The Importance of Being Earnest

My second-favorite play is the only real play I’ve ever played anyone in: The Importance of Being Earnest by Oscar Wilde. I am forever in debt to my high school senior English teacher, Miss Penner, for having us read both Earnest and Hamlet, my favorite play.

But reading Earnest wasn’t enough; she wanted us to perform it; and that, as it turned out, in Shakespearean style, since we had more males in the class than there were male characters available in the play. I still remember pretty well some of my lines as Miss Prism in Act 1. (“Cecily! Cecily! Surely such a utilitarian occupation as the watering of flowers is rather Moulton’s duty than yours. Especially at a moment when intellectual pleasures await you.”)

The last time I checked, an oldish movie was still streaming at Netflix. It is very good, especially in its portrayal of Lady Bracknell. Yet I still cherish most my memory of Kevin’s Lady Bracknell saying “I am glad to hear it,” the it she has heard being the fact that Jack smokes.

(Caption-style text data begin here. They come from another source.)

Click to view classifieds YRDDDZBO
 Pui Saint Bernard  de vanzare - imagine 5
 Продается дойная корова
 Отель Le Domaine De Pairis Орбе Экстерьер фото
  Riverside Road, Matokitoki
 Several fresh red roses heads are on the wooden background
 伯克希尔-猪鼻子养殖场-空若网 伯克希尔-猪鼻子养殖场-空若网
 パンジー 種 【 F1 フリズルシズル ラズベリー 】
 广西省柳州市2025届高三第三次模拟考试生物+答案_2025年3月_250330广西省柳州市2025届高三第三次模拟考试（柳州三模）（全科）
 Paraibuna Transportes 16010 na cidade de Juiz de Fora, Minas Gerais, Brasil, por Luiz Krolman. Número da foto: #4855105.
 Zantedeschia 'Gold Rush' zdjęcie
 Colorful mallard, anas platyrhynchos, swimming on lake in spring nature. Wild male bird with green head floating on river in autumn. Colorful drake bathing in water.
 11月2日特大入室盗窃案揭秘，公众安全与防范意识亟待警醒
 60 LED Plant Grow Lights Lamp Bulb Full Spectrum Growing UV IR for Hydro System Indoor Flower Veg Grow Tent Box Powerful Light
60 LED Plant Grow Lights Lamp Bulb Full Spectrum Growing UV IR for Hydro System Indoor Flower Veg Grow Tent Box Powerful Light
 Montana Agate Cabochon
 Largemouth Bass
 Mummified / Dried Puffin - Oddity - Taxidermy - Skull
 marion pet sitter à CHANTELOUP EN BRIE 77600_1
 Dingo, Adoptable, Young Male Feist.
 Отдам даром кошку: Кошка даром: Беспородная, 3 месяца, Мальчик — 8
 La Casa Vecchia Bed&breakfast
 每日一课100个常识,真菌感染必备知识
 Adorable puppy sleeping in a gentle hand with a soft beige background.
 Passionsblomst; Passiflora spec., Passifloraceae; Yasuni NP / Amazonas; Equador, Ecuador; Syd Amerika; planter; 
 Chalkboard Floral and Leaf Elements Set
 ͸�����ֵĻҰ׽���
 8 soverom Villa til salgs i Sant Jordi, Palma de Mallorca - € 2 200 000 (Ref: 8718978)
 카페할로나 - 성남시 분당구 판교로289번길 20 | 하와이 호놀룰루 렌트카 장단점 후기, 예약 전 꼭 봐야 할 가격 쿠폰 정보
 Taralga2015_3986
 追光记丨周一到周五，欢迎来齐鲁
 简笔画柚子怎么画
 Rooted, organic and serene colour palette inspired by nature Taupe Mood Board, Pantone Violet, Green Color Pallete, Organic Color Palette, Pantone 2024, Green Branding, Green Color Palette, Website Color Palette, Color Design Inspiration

Jack tries to snatch his private cigarette case from Algernon.

So what is the point of Earnest? Do we learn anything important from it?

As far as I know, there is only one really important truth illustrated in The Importance of Being Earnest, and it is this: We humans are capable of being very, very, very ridiculous.

Being ridiculous is not the same thing as simply being silly. Larry the Cucumber is silly, and we love him for it. Algernon Montcrieff is ridiculous, and we love watching him be it, but we do not admire it.